La Terre est la proie d’une importante montée des eaux ayant totalement remodelé le paysage, doublée d’une élévation des températures. Lucas, qui vit seul avec sa mère, ancienne écologiste radicale désormais gravement malade, subsiste de petits boulots lui rapportant à peine de quoi éviter que sa microcellule familiale ne sombre totalement. Damien, son meilleur ami, a pour sa part hérité d’un père plus fortuné (il est éleveur de crevettes), mais violent. Les deux adolescents habitent un Norfolk plus ou moins sous les eaux, et guettent toute nouveauté à même d’apporter un peu d’aventure dans leur quotidien. Aussi, quand ils apprennent qu’un dragon – un artefact extraterrestre – s’est échoué à proximité, ils décident de se rendre sur place…

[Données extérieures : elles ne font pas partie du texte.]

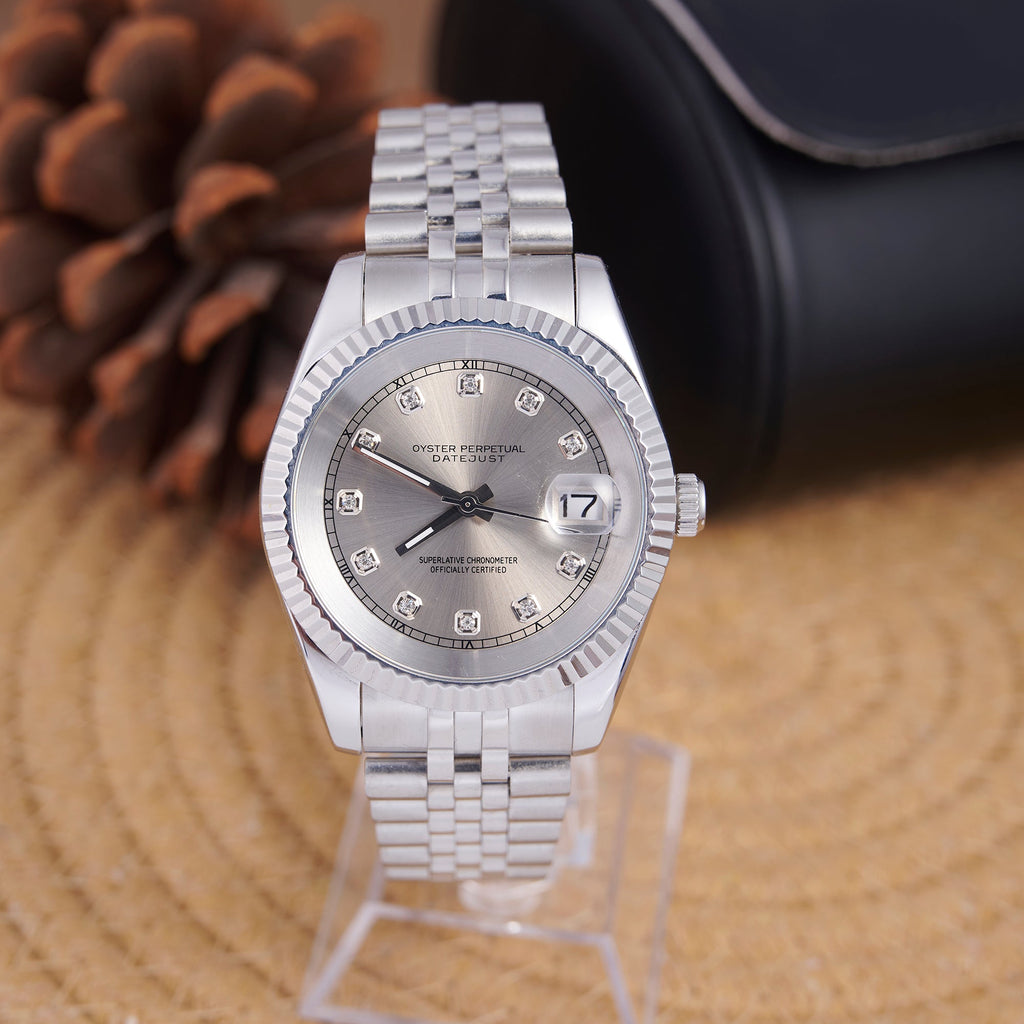 SEIKOJUST DIAMOND DIAL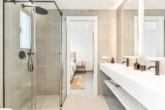 Badezimmer - Villa Nara – Klarheit. Licht. Leben auf einer Ebene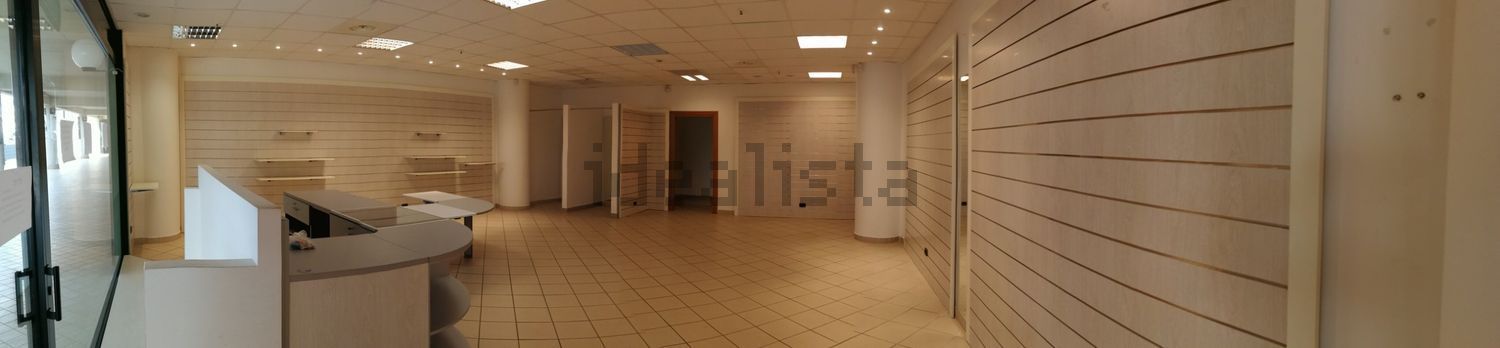 locale commerciale in affitto a Latina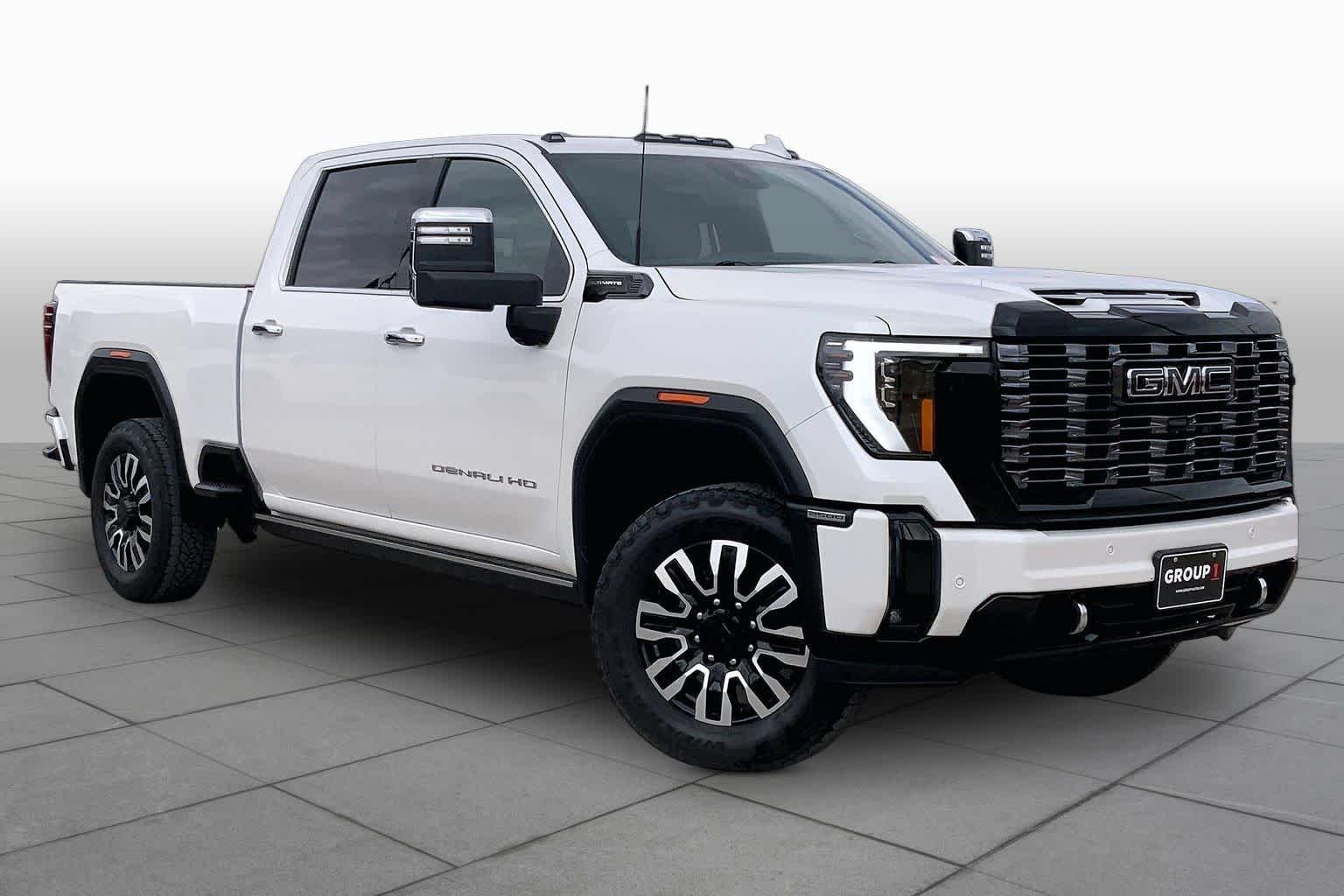 Used 2025 White Frost Tricoat GMC Denali Ultimate image 3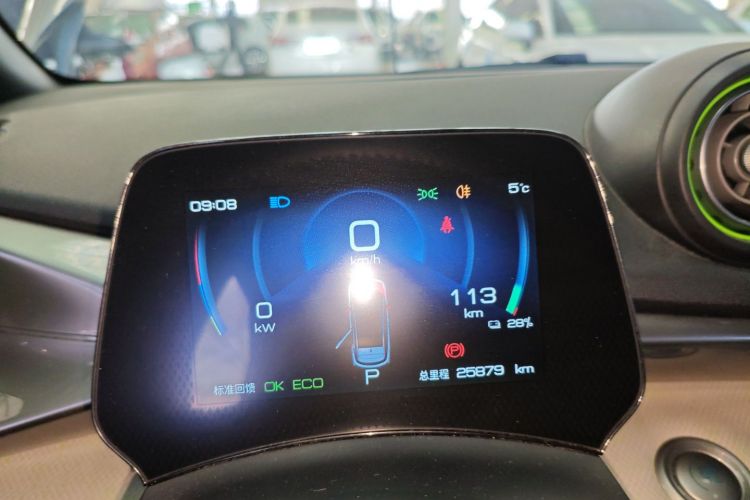 比亚迪 海豚 2021款 405km 时尚版局部细节14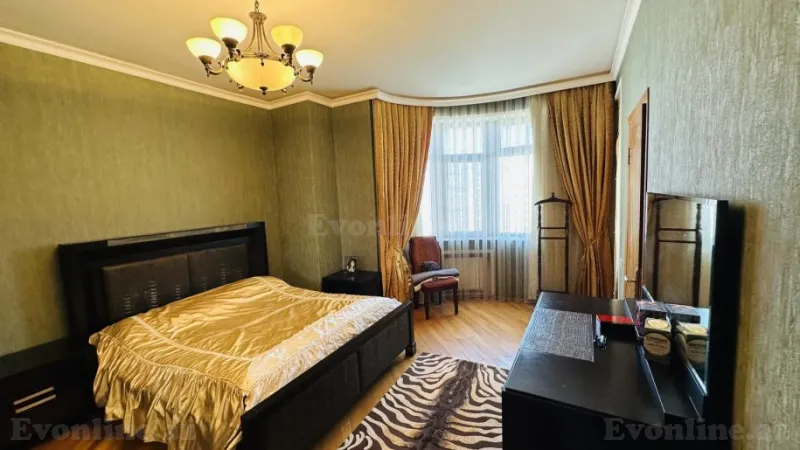 Satılır 4 otaqlı Mənzil Yeni tikili 175 m² Nəsimi r. - şəkil 10
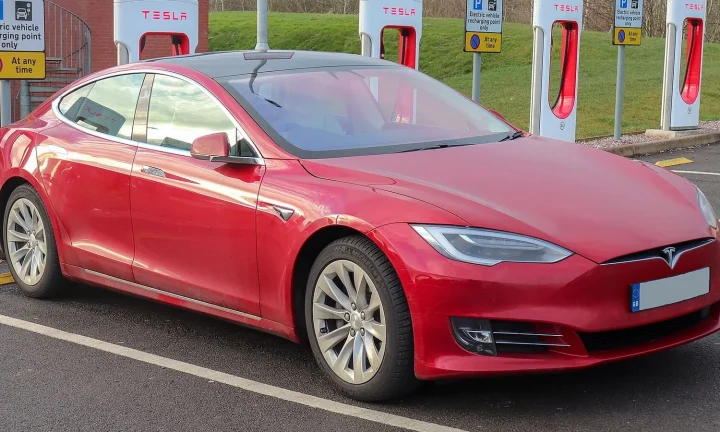 Voiture électrique réelle photographiée en extérieur pour « Subventions et primes à l’achat de voitures électriques en Belgique »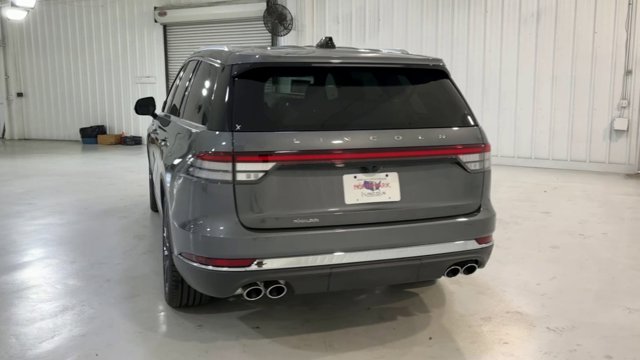 Vehicle image 8 of 33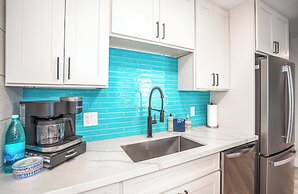 Hip Hawaiian Oceanfront Vistas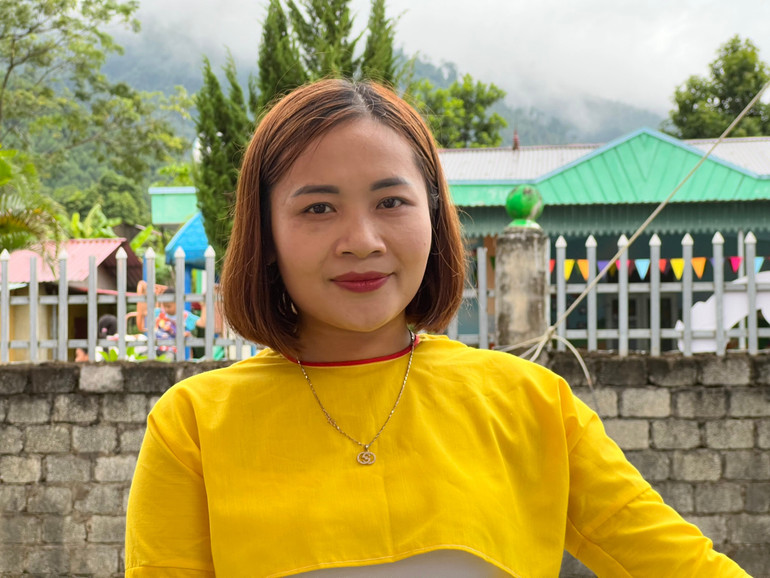Cô Vi Thị Tình, Giáo viên Trường trung học cơ sở Bát Mọt, Thanh Hóa. 8-thz7115958719501-436d54d39518b94aca8403f0512d269c.jpg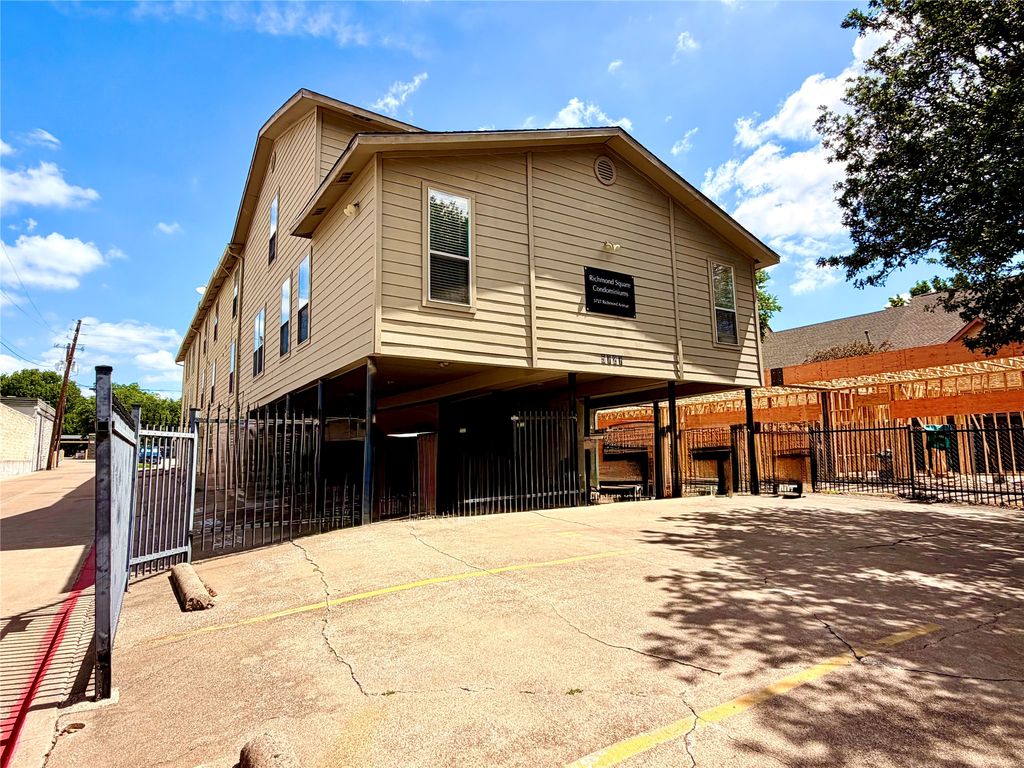 5727 Richmond Avenue, Dallas, TX 75206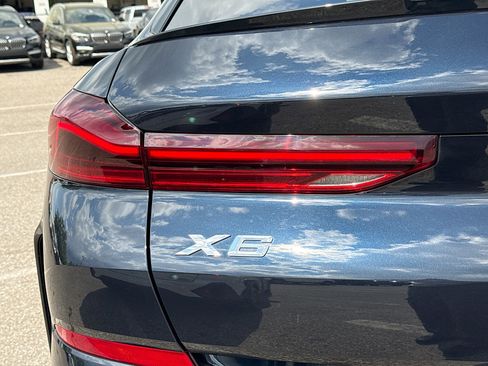 Used 2026 BMW X6 xDrive40i image 10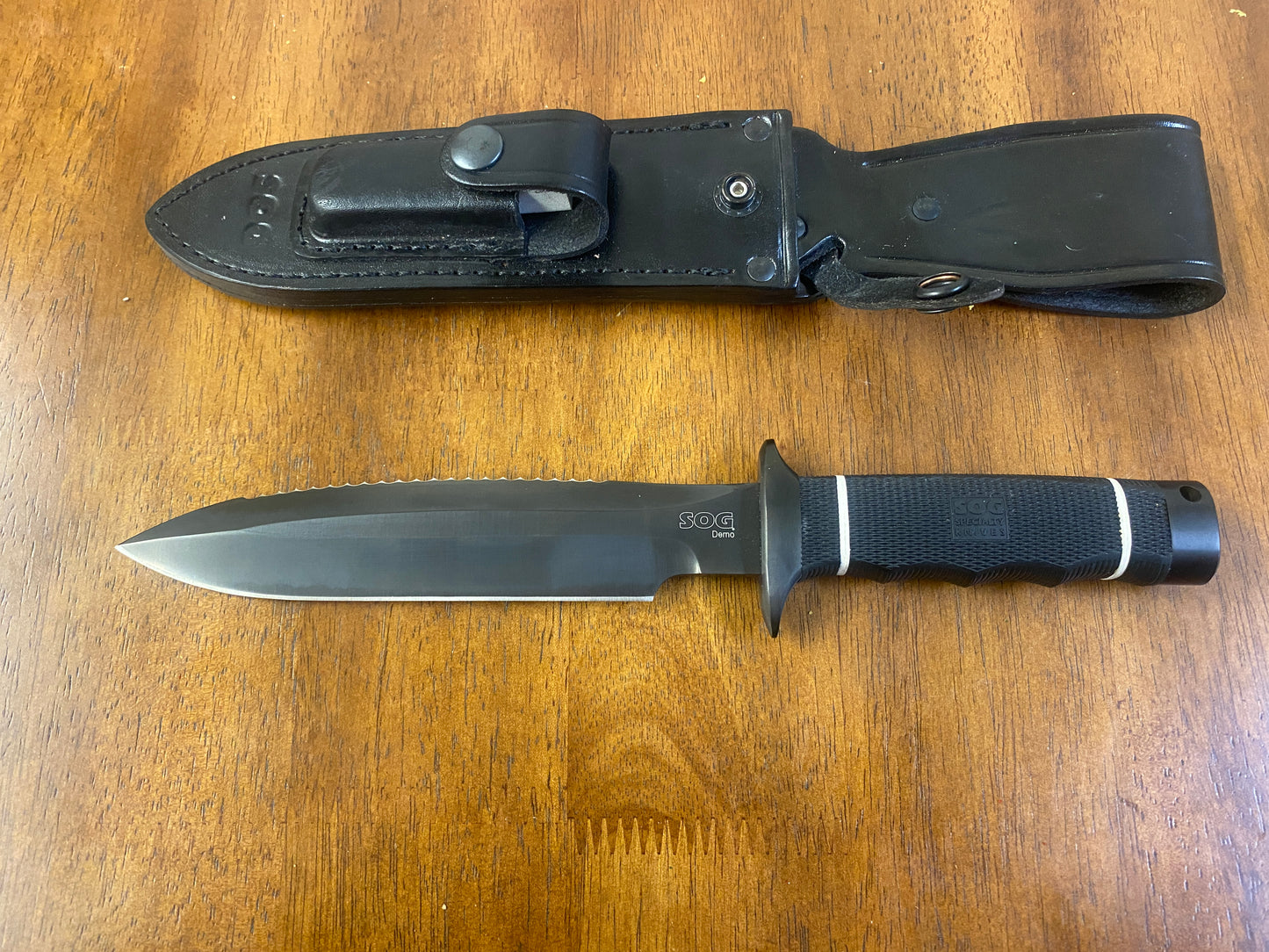 Sog Demo Sheath Knife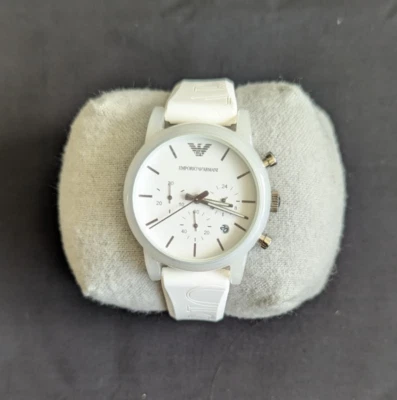 Emporio Armani Luigi AR1054 41mm White silicone strap unisex Watch 30 meters EUC - Image 1 of 4
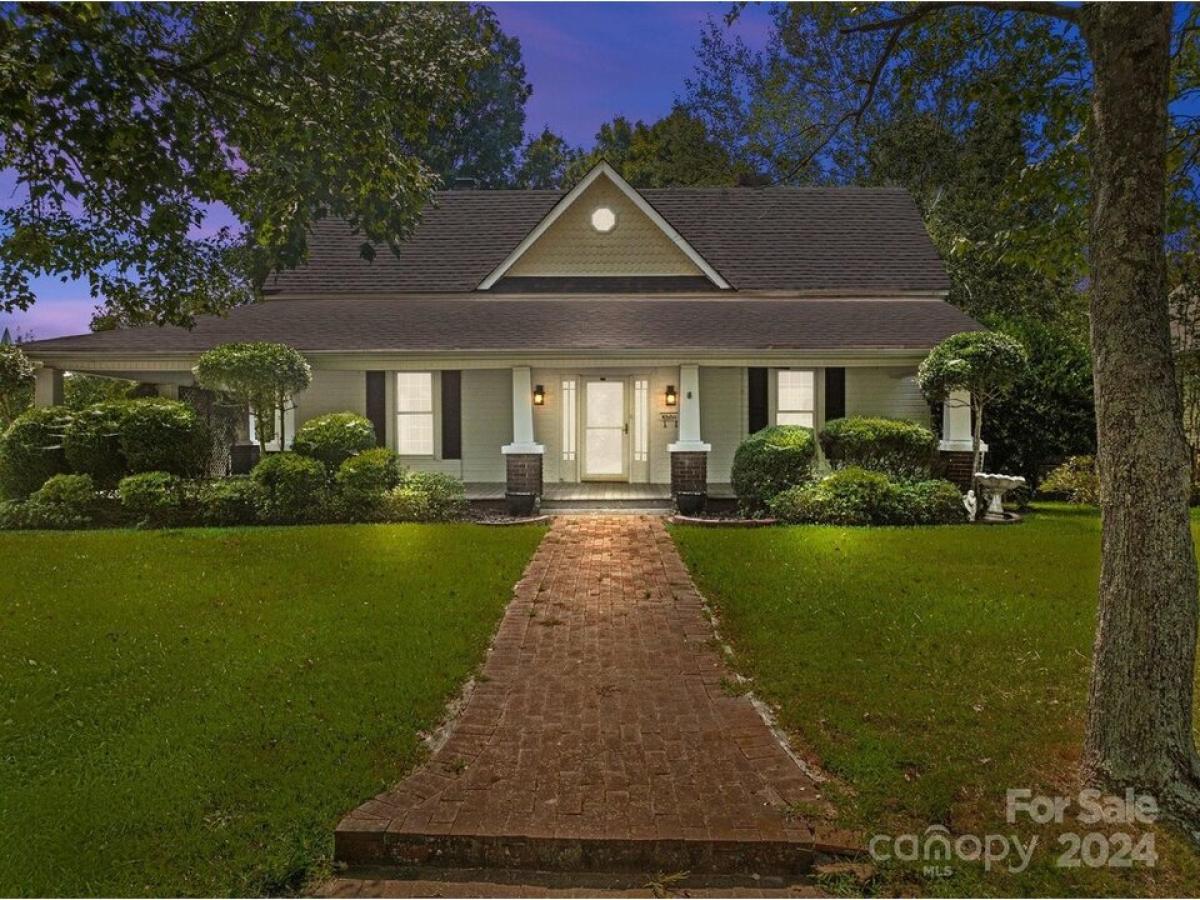 Picture of Home For Sale in Spencer, North Carolina, United States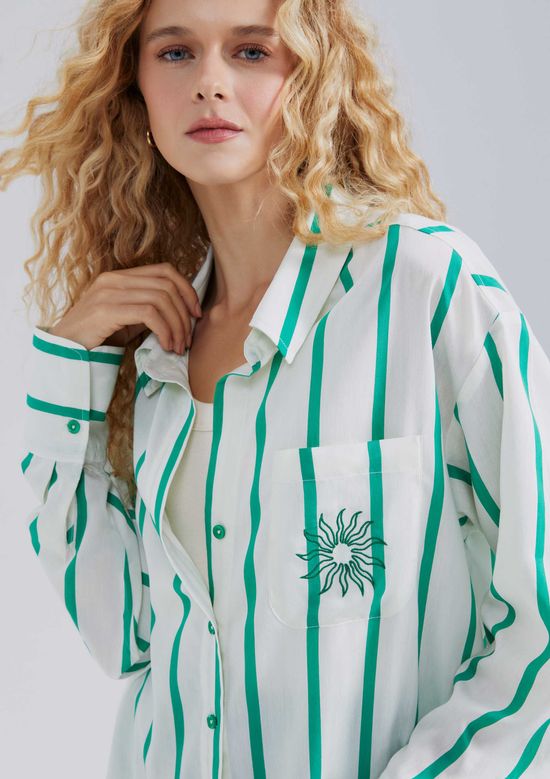 Foto do produto: Camisa Feminina Manga Longa Ampla Listrada - Verde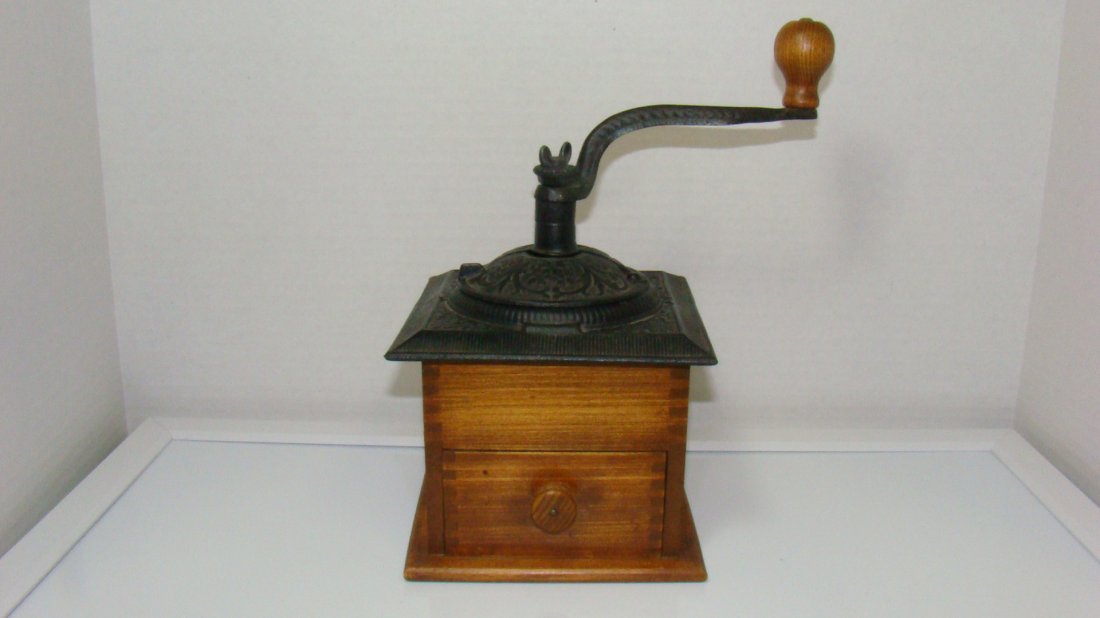 VINTAGE CAST METAL & WOOD COFFEE GRINDER (1 of 6)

McAuley n’a besoin que de quelques pages en ouverture de son récit pour nous présenter de manière crédible ce futur, où la Terre a été bouleversée tour à tour par la catastrophe écologique et l’arrivée des extraterrestres. Les deux événements ont une grande importance, mais force est de constater qu’au quotidien, les préoccupations de Lucas sont davantage tournées vers ses problèmes de subsistance dans un monde devenu pour partie hostile que vers les rapports que la Terre entretient avec les aliens. Néanmoins, l’irruption de ce dragon va lui rappeler qu’au-delà des contingences matérielles, l’inconnu exercera toujours son pouvoir de fascination, d’autant plus que la présence alien a généré la propagation d’un certain nombre de légendes urbaines. Outre cet émerveillement, qui sait si le dragon n’est pas aussi le présage, dans l’existence des deux amis, d’un changement souhaité de tous les instants ? Lucas et Damian incarnent ainsi un Tom Sawyer et un Huckleberry Finn des temps modernes, heureux de partir à l’aventure pour oublier leur routine morose. Mais leur rencontre avec l’artefact ne se déroulera pas comme prévu, ramenant les adolescents à des considérations moins insouciantes, et fera office de déclencheur du passage à l’âge adulte. Dit passage déterminé à travers un certain nombre de choix, sans savoir si ces derniers nous emmèneront sur le bon chemin ou, au contraire, sur une voie sans issue. McAuley, dont on connaît l’attachement à la nature humaine, brosse ainsi avec une grande finesse, et sans jamais verser dans le pathos, le portrait d’hommes et de femmes piégés entre leur quotidien affligeant et des rêves de changement inaccessibles. Œuvre intelligente et subtile, Le Choix réussit l’exploit de proposer en quatre-vingt pages une très belle et complexe histoire humaine, tout en abordant quelques thématiques de SF classique, comme la catastrophe écologique (après tout, Paul J. McAuley est britannique) et le premier contact extraterrestre. Un très beau texte.